Dimensional Flexibility, one of the things that makes Malloy Special
Grouping by some attribute is the core operation of most data analysis
Malloy is an new experimental data language. Malloy’s Composer, shown here, offers allows you to easily explore complex data.
In data analysis, one operation, dimensionalization, stands above the rest. In SQL, grouping by a column and computing aggregate statistics (measures/metrics) about the elements that fall into that group is the fundamental motion of nearly all data analysis.
In SQL, unfortunately, dimensionalization isn’t always straight forward. The way that you relate data in a query can affect aggregate calculations and make them incorrect at times. The general solution to this is to make dimensional fragments and link them together, but that adds a lot of complexity.
Malloy is interesting in that aggregates operate independently from relations. Because of this innovation, Malloy offers a degree of dimensional flexibility not available anywhere else.
Let’s take a tour.
IMDB, for example
In the IMDB for example. There are movies (titles), people, genres and ratings. The relations and some basic calcuations are encoded in this 75 line data model on github.
These are live examples, click “Try it!” to run any of the queries.
How many movies?
Lets take a look at movies and filter to just three genres, Drama, Comedy and Action. We will also filter to just movies from 2010 until 2020. The first query we run shows there are 2146 movies with an average rating of 6.986.
Dimensionalize by genre
By dimensionalizing (grouping by) genre, we can see the number of movies that are in a particular genre. But if we add up the numbers 1358+783+716 we get 2857. Wait, Why? I thought the number of titles was only 2146? Movies can have multiple genres. Movies can appear in multiple groupings.
Top level query is aggregates plus nesting.
Malloy can compute mulitple levels of dimensionality simultaneously. One way Malloy does this is through nesting queries. Nested queries are expressed exactly the same as top level queries. In the query below, we pick our top level measures as well as building a nested query that is essentially the same shape as the one above.

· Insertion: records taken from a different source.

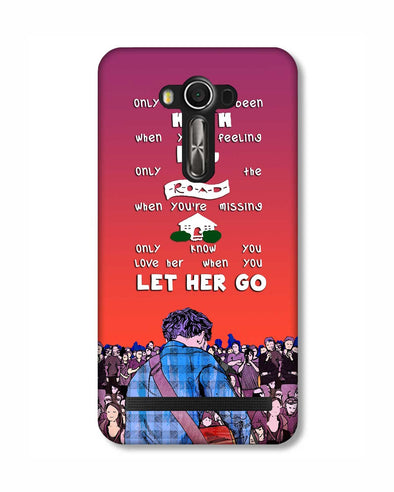 Let Her Go | Asus ZenFone 2 Laser (ZE550KL) Phone Case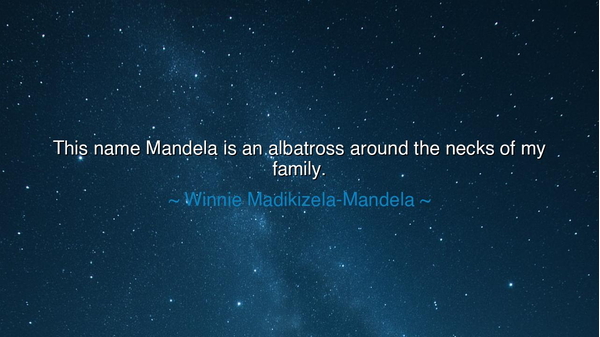 This name Mandela is an albatross around the necks of my family.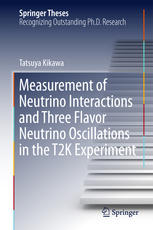 Tatsuya Kikawa (auth.) — Measurement of Neutrino Interactions and Three Flavor Neutrino Oscillations in the T2K Experiment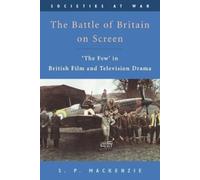 S.P. Mackenzie The Battle of Britain on Screen (Copertina rigida)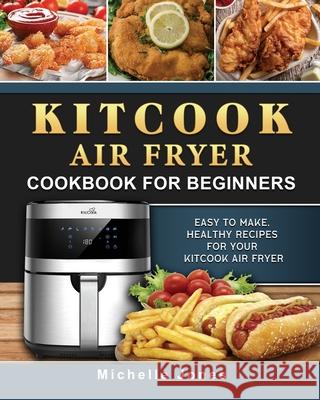 KitCook Air Fryer Cookbook For Beginners: Easy to make, Healthy Recipes for Your KitCook Air Fryer Michelle Jones 9781802449440 Michelle Jones - książka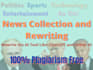 collect news and rewrite, plagiarism free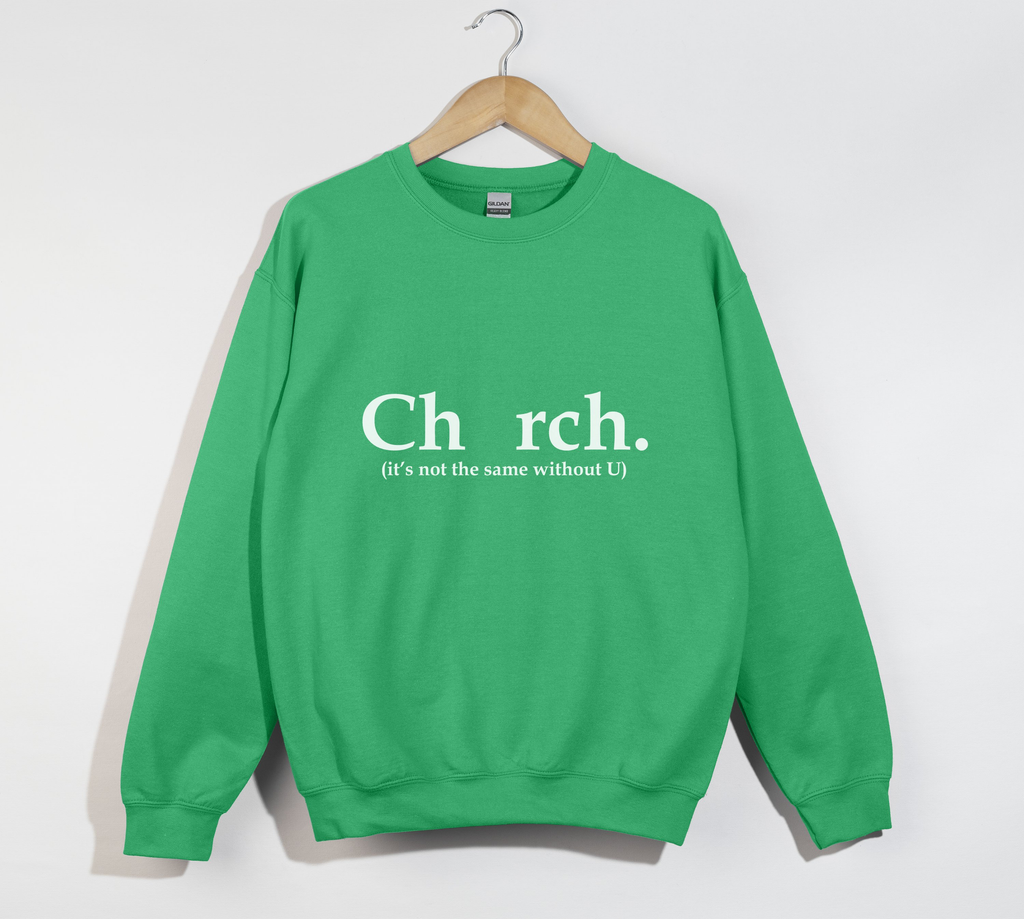 Ch_rch Without U - Sweatshirt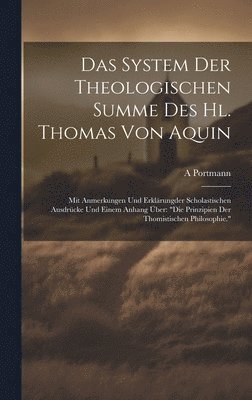 bokomslag Das System Der Theologischen Summe Des Hl. Thomas Von Aquin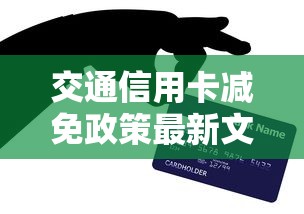 交通信用卡减免政策最新文件解读：用卡必知优惠调整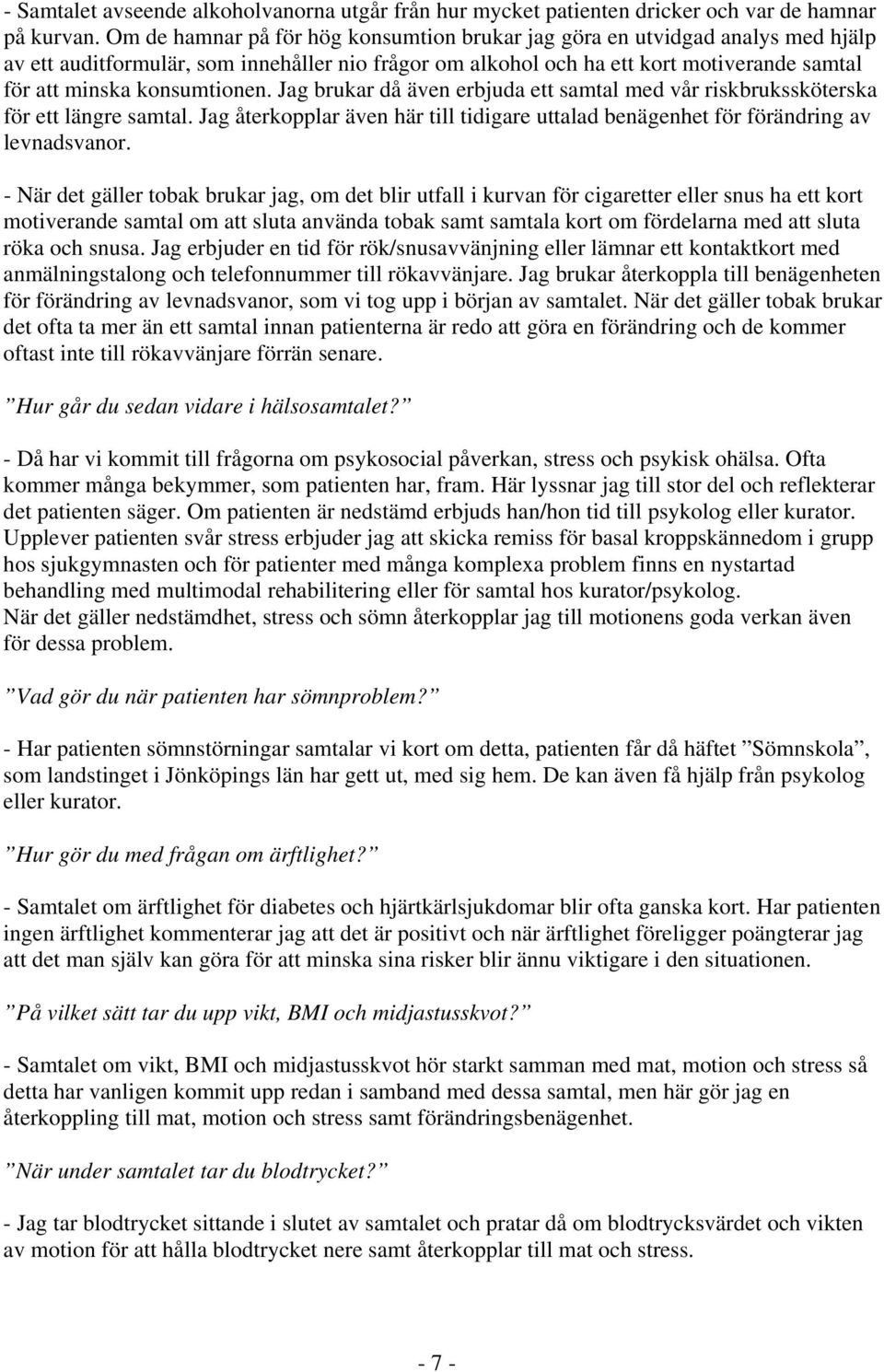 konsumtionen. Jag brukar då även erbjuda ett samtal med vår riskbrukssköterska för ett längre samtal. Jag återkopplar även här till tidigare uttalad benägenhet för förändring av levnadsvanor.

While the query above is relatively easy to understand, it is quite difficult to express in SQL. Malloy hides this complexity from us. We can see the SQL for any query by bonking the SQL tab. All Malloy queries execute as a single SQL query so the data is only read once.
‘all’ function escapes grouping
Another way to work with dimensionality in Malloy with ungrouped aggregate functions. The all() function can be used to make calculations independently of dimensional grouping in the current query, but return results in the same table. In the example below, we compute all_titles as all(title_count) and all_average_rating as all(average_rating). Any measure can be used within the all function. Fine grain control over which columns to escape is also available, see the Malloy documentation on Ungrouped Aggregates.
Percent of Total
Percent of total tell us about a groups relationship to it’s parent. What percent of movies are Drama?, Comedy?. Using the calculation for percent_of_titles is title_count/all(title_count) can show us. Malloy composer allow us to style this number as a percentage. Notice that the percentages sum to greater then 100%. Movies can have mulitple genres.
Nesting adds dimensionality (and perspective)
Grouping by year and nesting our by_genre query allows us to gain perspective over time. Notice that we are free to include aggregate computations at any level of nesting.
Running queries side by side with a shared filter
A useful pattern is to nest several queries at the top level. This mimics a traditional dashboard in other tools. The difference here is that the data is all executed in a single query.
Styling Results
We can add styles to any of the nested queries to have them rendered as charts
Adding more dimensionality
Let’s look at the top people in the industry by grouping by person.
Dimensional Freedom
Malloy will compute aggregate calculations correctly independently from dimensionalization. This freedom gives you much more flexibility in building tooling to understand your data.